Over the past five years, a huge number of individuals purchased homes in Florida with the intention of flipping these homes and making a fast buck in the process. While some purchased with the intention of renting the home out to cover the costs of their investment, many had no intention of doing so and became "accidental landlords". Accidental landlords are people who never intended to become landlords, but due to the inability to flip the property and the expenses of carrying the property, are now forced to rent the home or condo to a third party in the hopes that this will cover all or part of the expenses. In their zeal to save the percentage that is charged by a professional management company, the property owner places an ad in the paper, or hires a property manager to simply find a tenant, with the intention of the property owner handling the rest of the process and subsequent management of the property.

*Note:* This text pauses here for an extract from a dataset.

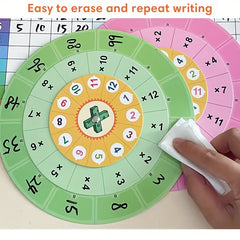 Math Multiplication Turntable 1-12 Table Teaching Aid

Invariably, the owner is an out of state absentee owner who will realize that it is nearly impossible to manage the rental property from afar. Something can and will happen necessitating the physical presence of some person to do something for the property owner. This is when the property manager receives that phone call asking for a favor to be done. The property manager's initial reaction may be to try to assist the owner if the request is not too unreasonable, but assisting the owner could create unnecessary liability for the property manager. How far do you want to go?

Serving a Notice

This common request by the absentee owner occurs when the rent is not received by the owner. What a surprise. The tenant decides not to pay the rent. Can this be happening? They seemed like such nice people. Most property owners know how difficult it is to collect rent when the office is one mile from the property, but the absentee owner is surprised when the tenant decides not to mail that rent check to California. While it may seem simple enough for you to prepare a Three Day Notice, you may be violating federal law by doing so. Under federal law, if you are trying to collect a debt for another, you may be considered a "debt collector" and be subject to all the rules, regulations and laws which govern debt collectors. Additionally, if the property owner prepares the notice, they will be asking you questions as to how to prepare the notice and what they can put on the notice. Very few owners understand that only rent can be demanded on a Three Day Notice, and furthermore, if the tenant is to pay the rent by mail to the absentee owner, 5 additional days must be added to the expiration date of the notice. Worse yet, some "helpful" property managers will prepare the notice demanding that the tenant pay the rent to the property manager's office location. Why should the tenant pay rent to some unknown third party?

Checking the property

Some time has gone by and the owner has not heard from the tenant. You get the call from the property owner to check out the property to see if the tenant is still there. You drive over to the property, look in the windows or enter the unlocked door, and it appears to you that the tenant has abandoned the premises. You tell this to the owner, and the owner gets the locks changed. Then the tenant comes back and sues the owner, claiming a lock out and alleging civil theft, as the tenant claims all his personal property is gone. The owner then blames you for the faulty information.

Meeting vendors

The property owner needs you to open up the premises to let the repair person in. You go to the property, and the vendor is nowhere to be found. You wait an hour and leave. The vendor then shows up, can't get in, charges the owner for his time, and you just wasted an hour of your time. The owner now is blaming you for not being there and feels you should pay the vendor's charge.

Showing the property

The owner asks you to show the property to a prospective tenant. You meet the applicant at the property, show him around, and he moves in. Next thing you know, you get a call from the tenant complaining about a repair that needs to be done. The tenant thinks you are the property manager, and the calls continue. Just showing the property can give the appearance that you are working for the property owner. In the event the prospective tenant was injured during the showing, you may be on the hook. Further, in the event of a dispute later as to the property condition, you may be pulled into the dispute or even become a part of some litigation.

Meeting the Sheriff

The property owner hired an attorney to file an eviction and the sheriff is set to meet the property owner at the premises on Monday morning at 9 a.m. The problem is that the owner is in Hawaii, so you get the call. You meet the sheriff at the property on Monday morning, and the tenant is still there. Moreover, the house is full of the tenant's personal property. Do you wait around until the tenant moves everything out? Did you bring a team to move everything out? Is the locksmith there with you? As you can see, this is not something with which you should get involved.

Our recommendations

When an absentee owner asks you to perform activities that normally would be reserved for property managers, you need to take a stand and either say "no" to the owner, or have some clear writing in which the task/responsibility is laid out with language completely limiting you from liability and stating what the owner will pay you. No good deed goes unpunished, and there is no reason why you should take on any additional liability, especially when not getting paid. Rather than increase liability, use the opportunity to get the owner to sign up with you to fully manage the property. Do this before the "favor" is done!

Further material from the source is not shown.